# Stray Momma cat finally gave birth! Kitty pics!



## keilee341 (Mar 23, 2010)

So as I posted before, my mother brought home a stray cat that jumped into her car. 3 weeks later we became suspicious of her growing belly, and the vet confirmed that she was pregnant...and due in "a week or two". 8O 

After 4 long weeks, she gave birth to SIX babies! I was expecting a large litter based on her bulging tummy, but she is only about a year old so I was surprised that there were so many. 5 boys and 1 girl as far as we can tell.










This is Momma. She is very beautiful, and is a good mother so far. She also needs a home, if anyone living near Plymouth, Indiana can offer her a good home!










Here is the kitten pile! There are 6 of them in there! Momma stepped out for a much deserved break.



















This is the one kitten I am a bit concerned about. He has an open sore on his head, and I'm not sure how he got it, or if I need to take him to the vet...any advice is appreciated!


----------



## keilee341 (Mar 23, 2010)

Oh, they were born April 5th, and are only a day old in those pics =)


----------



## Heidi n Q (Nov 22, 2006)

Adorable babies and the Mamma-cat looks like a beauty. Regarding the kitten with the sore, at the very least, I would call the vet and ask about it. The vet may want you to bring the kitten in. _If you do, I think you should take the entire litter and the mamma; two separate carriers for Mom and kittens._


----------



## keilee341 (Mar 23, 2010)

The vet has been called, and the earliest appointment was for this Friday. The vet didn't seem to concerned.

I think they are expecting to see just the little guy with the sore on his head though, not the whole litter. Is there a reason to take everyone in?


----------



## ETrescued (Oct 22, 2009)

I am by no means a cat or kitten expert, but just wanted to share a personal story.

I woman I volunteered with rescued a kitten who had a weak spot in its skull. It had healed over by the time they saw him, but the vet said that he was hydrocephalic, or had "water on the brain." He wasn't in any sort of pain, and while this may sound foolish they said that he would present with mild kitty-retardation. While he might not live as long, he wouldn't be in any pain and could be a perfectly happy kitty. I haven't heard an update so I'm not sure how the little one is doing.

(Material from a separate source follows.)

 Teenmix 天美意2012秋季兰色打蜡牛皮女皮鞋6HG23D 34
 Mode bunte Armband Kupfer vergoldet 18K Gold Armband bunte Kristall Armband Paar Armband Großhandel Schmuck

Is the skull closed under the lesion? If it is, I imagine there is nothing to worry about, but you are smart to take the kitten in and get a vets opinion. 

And what a fully house you have now! What a lucky momma and babies.

-BP


----------



## Heidi n Q (Nov 22, 2006)

Well, I've always taken the entire litter and the mother cat in, but these were foster cats/kittens and they checked over the whole family. I guess my main reason for suggesting bringing the whole litter is in case you bring only the one and when you return and the baby smells *different* ... I worry that mamma may reject the baby? If you only want to take the one kitten, I think I'd try to do something to affect either the mom's ability to smell or try to make everyone smell the same all at once immediately after you get home with the kitten. 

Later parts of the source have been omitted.